Strongly-Interacting Ultralight Millicharged Particles

TL;DR

This paper explores a novel model of ultra-light, strongly-interacting dark matter composed of dark baryons with baryon number, which can form dense cores in halos and address the core-cusp problem, differing from bosonic dark matter.

Contribution

It introduces a dark QCD-based model of ultra-light fermionic dark matter with strong self-interactions, providing astrophysical solutions to small-scale structure issues.

Findings

Dark matter halos can have dense, neutron star-like cores.

Strong self-interactions violate traditional fermionic mass bounds.

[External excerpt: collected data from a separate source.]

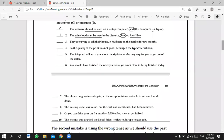Now let's start the first exercise. Read the sentence and tell me if it's correct or incorrect and why. For example: 'Software should be used on a laptop computer, and this computer is a laptop' — subject, verb, comma, 'and', subject, verb — this is correct. 'The rain clouds can be seen in the distance, but no has fallen' — incorrect, because there is no subject in the second clause.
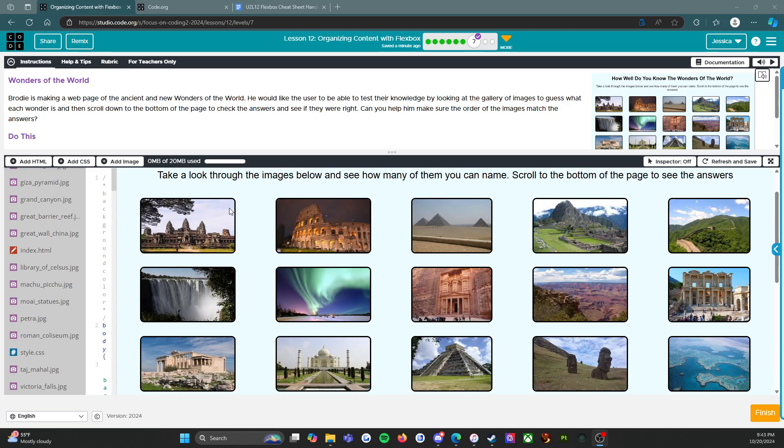So a hint: you are not going to manually rearrange all of these pictures, which is what some of my students did. There is a way to code it to get the pictures in the order that they need to be in.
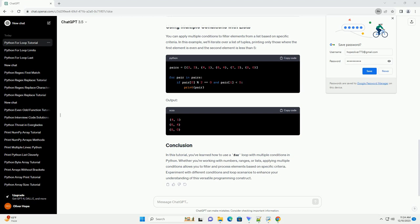Before diving into multiple conditions, let's review the basic syntax of a for loop. Here, variable is a variable that takes on each value in the sequence during each iteration of the loop. Let's start by using a single condition in a for loop. In the following example, we'll loop through a list of numbers and print only the even ones.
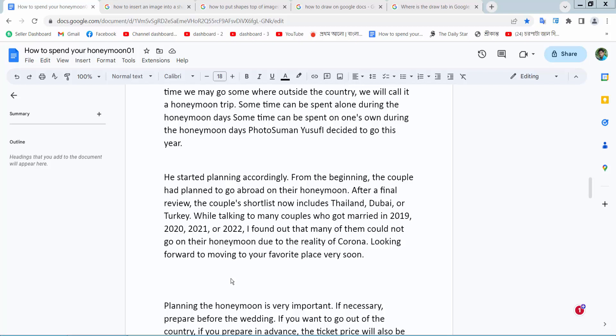Hello everyone, today I will show you how to make a shape transparent in Google Docs.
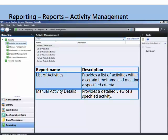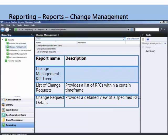So you can report on activities, changes, configuration items, incidents, problems — the basic work items in Service Manager. These reports take a typical trajectory. You can look at activities distributed, list them, list them by type, where they're at, and you can also look at the details.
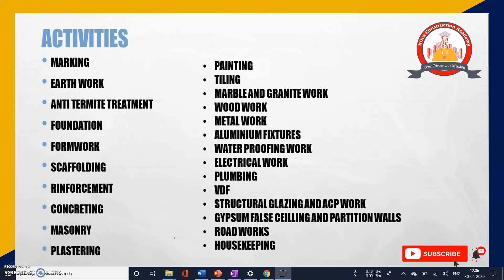We have a drawing with us, and whatever element is there in the drawing has to be physically transformed onto the ground. This transformation involves different stages of activities. The first and foremost activity is marking, but before marking you need to check whether the site is cleaned and leveled. So the first activity is cleaning and leveling of the site, after which comes marking.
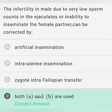Infertility in males due to very low sperm count in the ejaculate, or inability to inseminate the female partner, can be corrected by the AI and IUI technique — that is, artificial insemination and intra-uterine insemination. So option D, that is both A and B, is the correct answer.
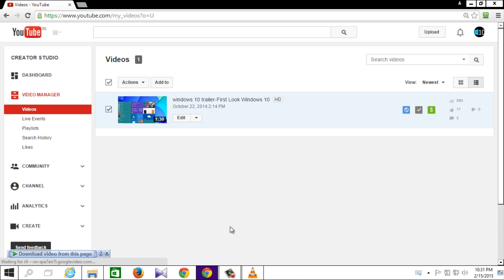Click on it and bam, your video starts downloading. Make sure to give a thumbs up and subscribe to our channel.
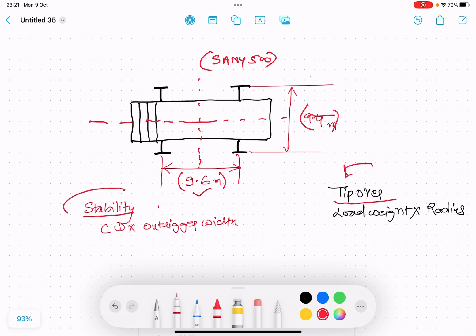Stability is given by counterweight in tons times outrigger width, and outrigger width is 9.4 meters. We have to take the transverse side, 9.4 meters.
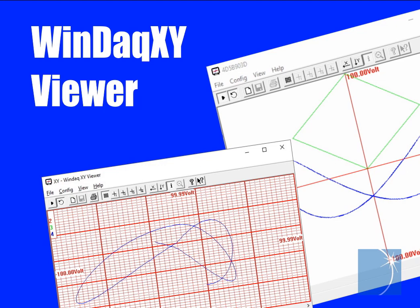Sean here, an application engineer at Datak Instruments. In this tutorial, we'll introduce you to the lesser-known WinDAC XY Viewer.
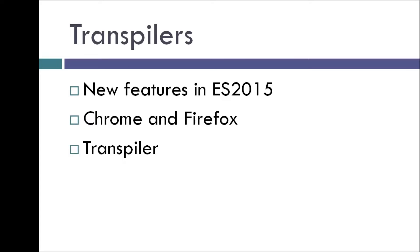Chrome and Firefox are nearly there, implementing almost 90% of ES2015 features, but there are still a few features that are missing.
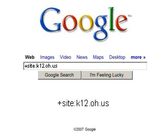Almost all schools in Ohio have a domain name ending with k12.oh.us. So if I search for 'site:k12.oh.us,' I find every school website in Ohio, from Ada to Zanesville, because they all share this three-part domain name ending.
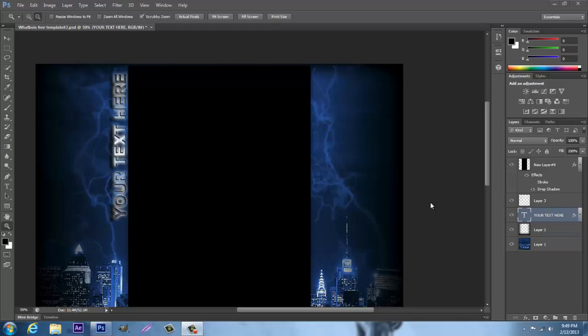Hello YouTube. Today I'm just going to show you how to change the text in Photoshop once you've downloaded a template of your choice.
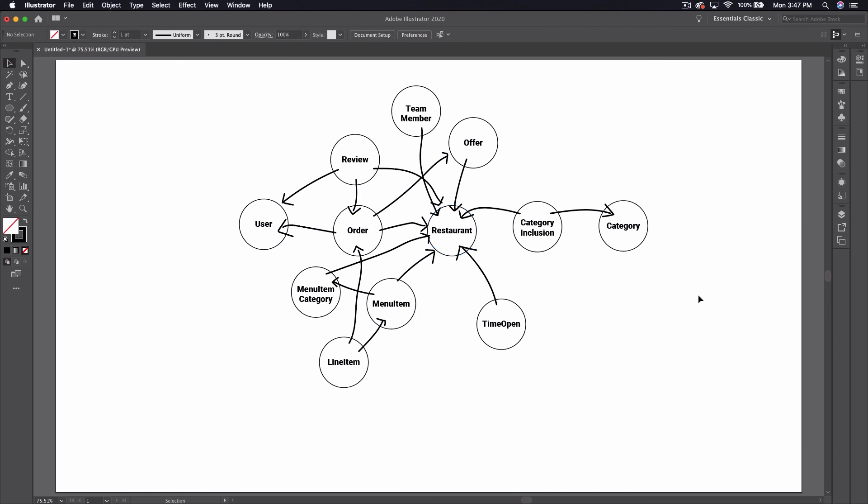Anyway, I think that's about it for this episode. Definitely take the time to draw this out on paper and keep it handy as we build through this. I will talk to you in the next episode where we will start actually building the product and writing some code.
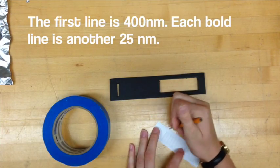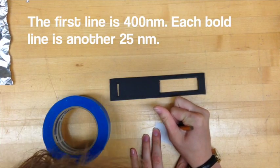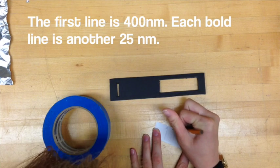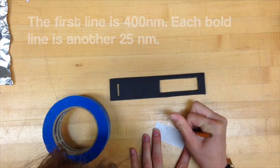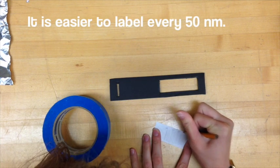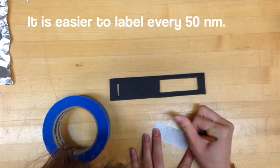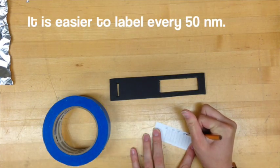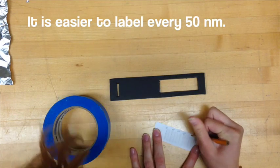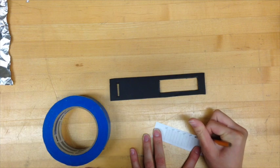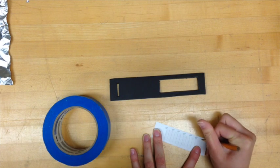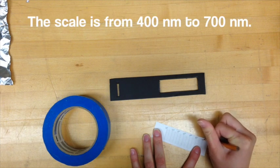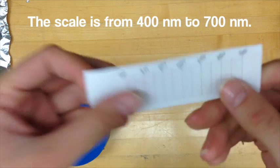Note where the lines are closest together. This is where the 400 nanometer line starts. Each bold line is an increase in 25 nanometers from 400 nanometers to 700 nanometers. We recommend recording every 50 nanometers. When the scale is finished you can set it aside temporarily.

Distinct detection signatures from ultra-light bosonic dark matter.

Abstract

We consider the implications of an ultra-light fermionic dark matter candidate that carries baryon number. This naturally arises if dark matter has a small charge under standard model baryon number whilst having an asymmetry equal and opposite to that in the visible universe. A prototypical model is a theory of dark baryons of a non-Abelian gauge group, i.e., a dark Quantum Chromo-Dynamics (QCD). For sub-eV dark baryon masses, the inner region of dark matter halos is naturally at 'nuclear density', allowing for the formation of exotic states of matter, akin to neutron stars. The Tremaine-Gunn lower bound on the mass of fermionic dark matter, i.e., the dark baryons, is violated by the strong short-range self-interactions, cooling via emission of light dark pions, and the Cooper pairing of dark quarks that occurs at densities that are high relative to the (ultra-low) dark QCD scale. We develop the astrophysics of these STrongly-interacting Ultra-light Millicharged Particles (STUMPs) utilizing the equation of state of dense quark matter, and find halo cores consistent with observations of dwarf galaxies. These cores are prevented from core-collapse by pressure of the 'neutron star', which suggests ultra-light dark QCD as a resolution to core-cusp problem of collisionless cold dark matter. The model is distinguished from ultra-light bosonic dark matter through direct detection and collider signatures, as well as by phenomena associated with superconductivity, such as Andreev reflection and superconducting vortices.